Tobias Etter

Personal information
- Full name: Tobias Etter
- Nickname: Toby
- Nationality: Switzerland
- Born: 27 October 1980 (age 45) Egg, Zürich, Switzerland
- Height: 1.70 m (5 ft 7 in)
- Weight: 62 kg (137 lb)

Sailing career
- Sport: Sailing
- Club: SC Schloss Greifensee
- Class: Dinghy

Medal record
Men's sailing
Representing Switzerland
Summer Universiade
| Bronze medal – third place | 2005 İzmir | 470 |

= Tobias Etter =

Swiss sailor (born 1980)

Tobias Etter (born 27 October 1980) is a Swiss former sailor, who specialized in the two-person dinghy (470) class. Together with his partner Felix Steiger, he was named one of the country's top sailors in the double-handed dinghy for the 2008 Summer Olympics, finishing in a distant twenty-third place. Outside his Olympic career, he and Steiger locked the podium spot with a bronze in the men's 470 at the 2005 Summer Universiade in İzmir, Turkey. Etter trained most of his sporting career at Schloss Greifensee Sailing Club in the outskirts of Zürich.

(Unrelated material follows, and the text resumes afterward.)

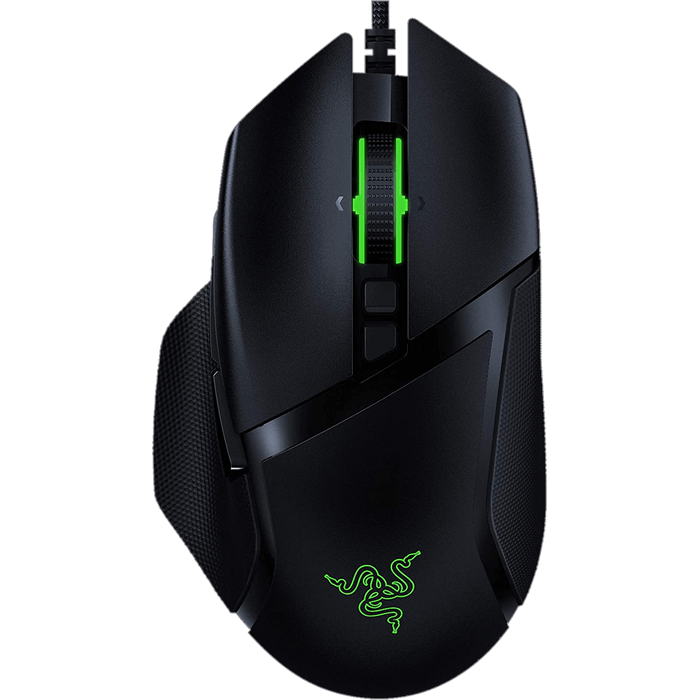 موس گیمینگ ریزر مدل Razer Basilisk V2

Etter competed for the Swiss sailing squad, as a skipper in the men's 470 class, at the 2008 Summer Olympics in Beijing. He and crew member Steiger topped the Swiss Sailing Federation's selection criteria for a coveted spot on the Olympic team, based on their cumulative scores attained in a series of international regattas, including their top 40 finish at the Worlds nearly eight months earlier in Melbourne, Australia. The Swiss duo successfully posted a triad of single-digit marks each in races 3, 5, and 9, but a random wave of substandard outcomes throughout the series pushed both Etter and Steiger to the middle of a 29-boat fleet, sitting them in twenty-third overall with 162 net points.